I need the records below restated word for word, without their pictures.
Top of Material supplied
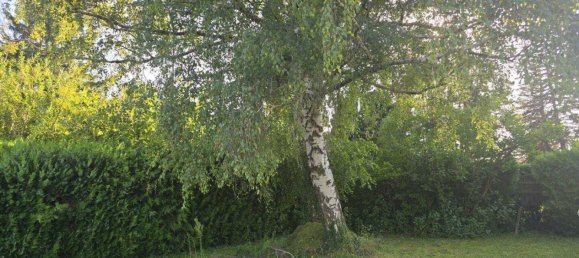 3 rooms House in Hornstein, Austria No. 233266 4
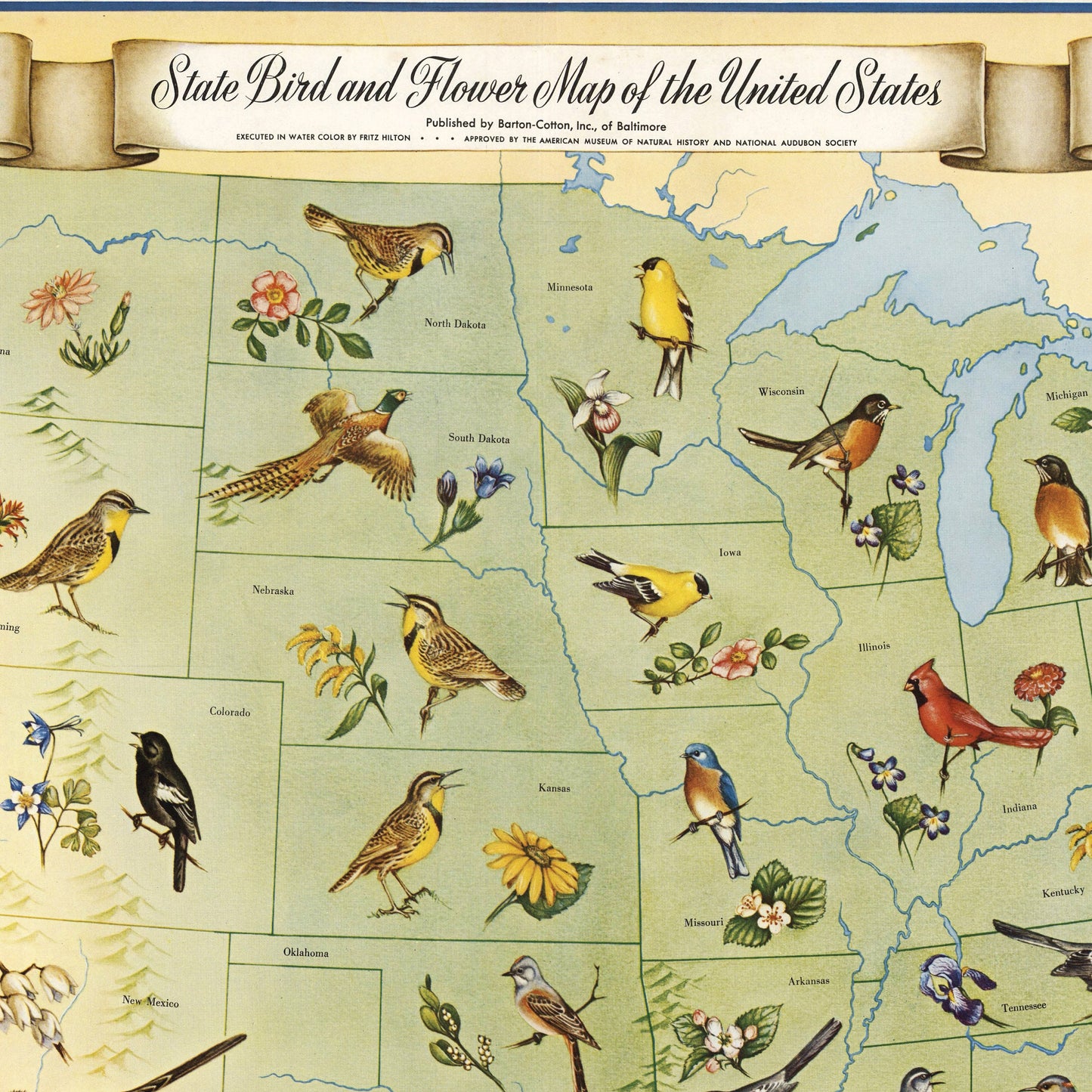State Birds and Flowers of USA - 1965 - Reproduction Print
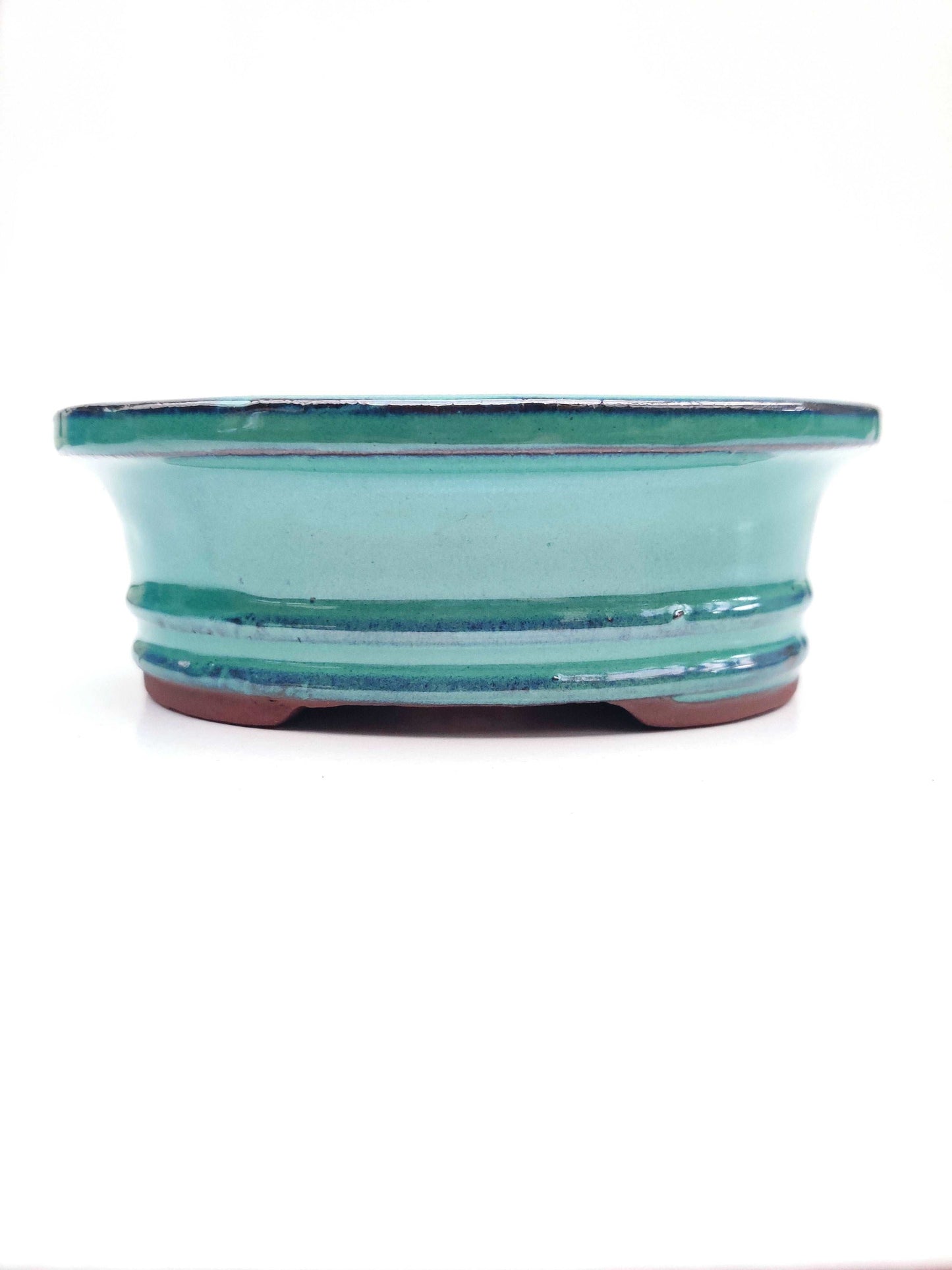 6" Teal Oval Glazed Bonsai Pot Bonsai Gifts Nursery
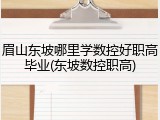 眉山东坡哪里学数控好职高毕业(东坡数控职高)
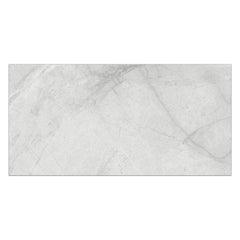 Creo 24" x 48" Marble Look Polished Porcelain Tile
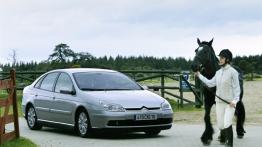 Citroen C5 - widok z przodu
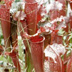 Meadowview Biological Research Station Pitcher Plants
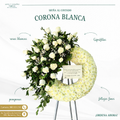 Corona Blanca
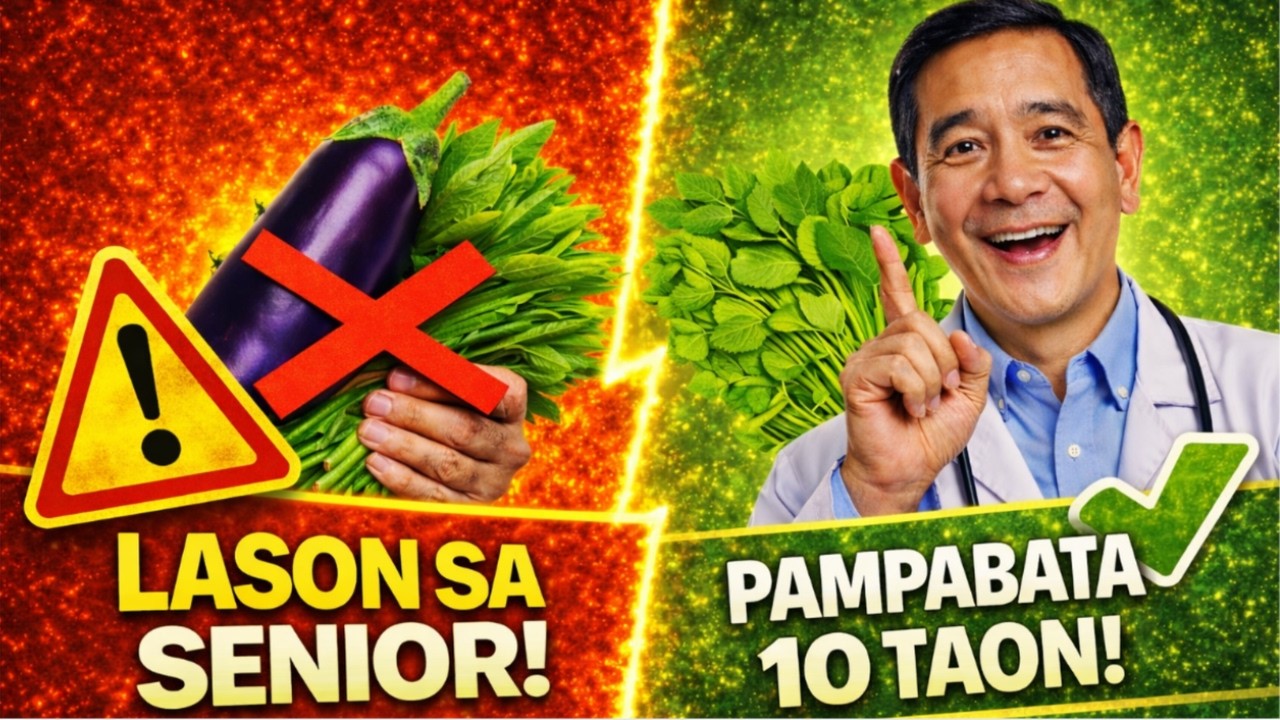 🚨 BABALA 3 Gulay Na Lason Pala Sa Mga Senior! Kainin Ang 3 Ligtas Na Ito Para Bumata ng 10 Taon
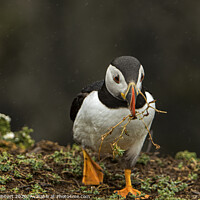 Buy canvas prints of Puffin walking towards burrow with nesting material on Skomer Island by Jenny Hibbert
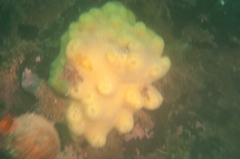 Halichondria sitiens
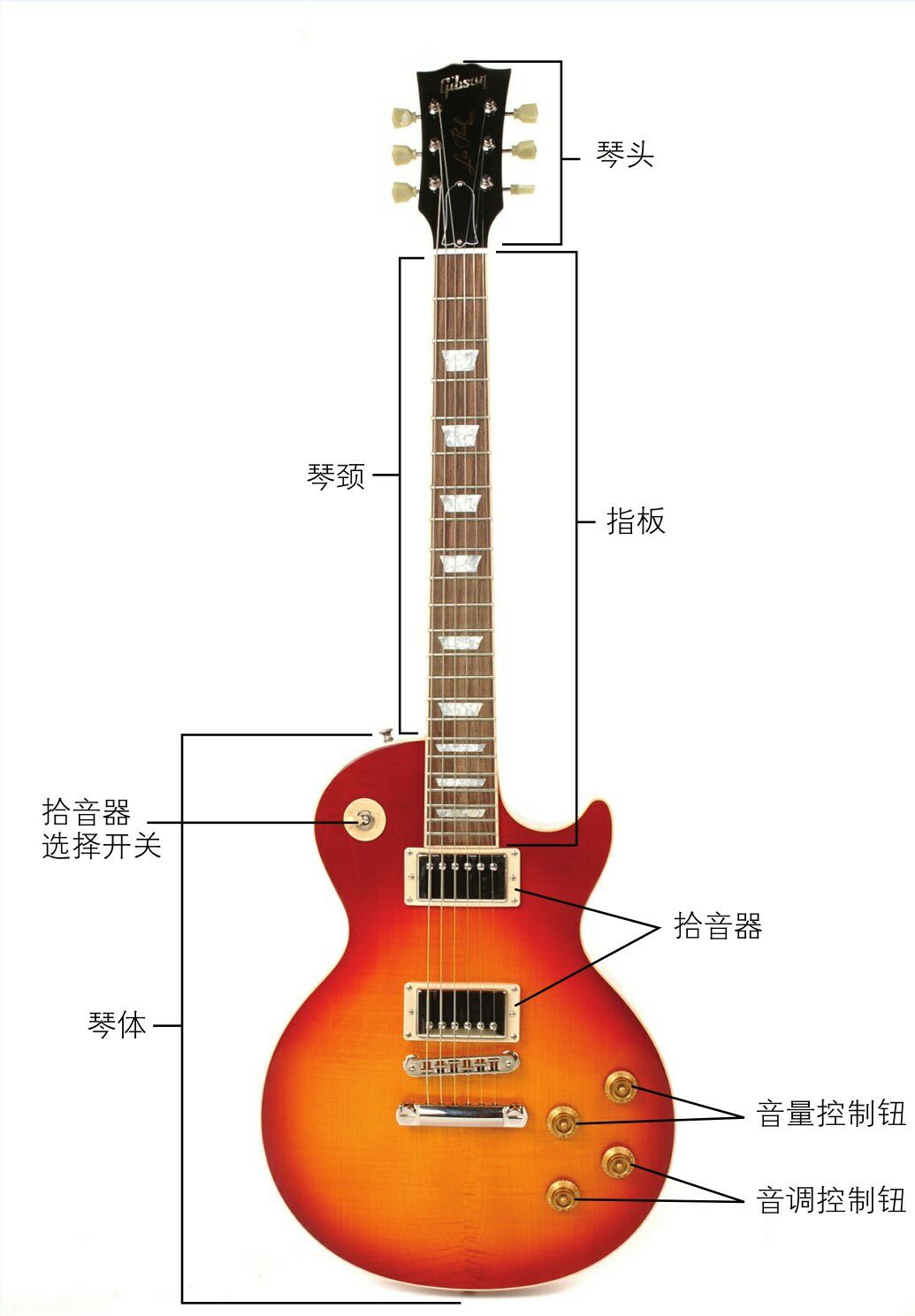 吉他结构介绍图部位图片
Bottom of Material supplied
Solution –
 3 rooms House in Hornstein, Austria No. 233266 4
State Birds and Flowers of USA - 1965 - Reproduction Print
 6" Teal Oval Glazed Bonsai Pot Bonsai Gifts Nursery
 眉山东坡哪里学数控好职高毕业(东坡数控职高)
 Creo 24" x 48" Marble Look Polished Porcelain Tile
 Citroen C5 - widok z przodu
 Meadowview Biological Research Station Pitcher Plants
 Corona Blanca
 🚨 BABALA 3 Gulay Na Lason Pala Sa Mga Senior! Kainin Ang 3 Ligtas Na Ito Para Bumata ng 10 Taon
 Buy canvas prints of Puffin walking towards burrow with nesting material on Skomer Island by Jenny Hibbert
 Halichondria sitiens
 吉他结构介绍图部位图片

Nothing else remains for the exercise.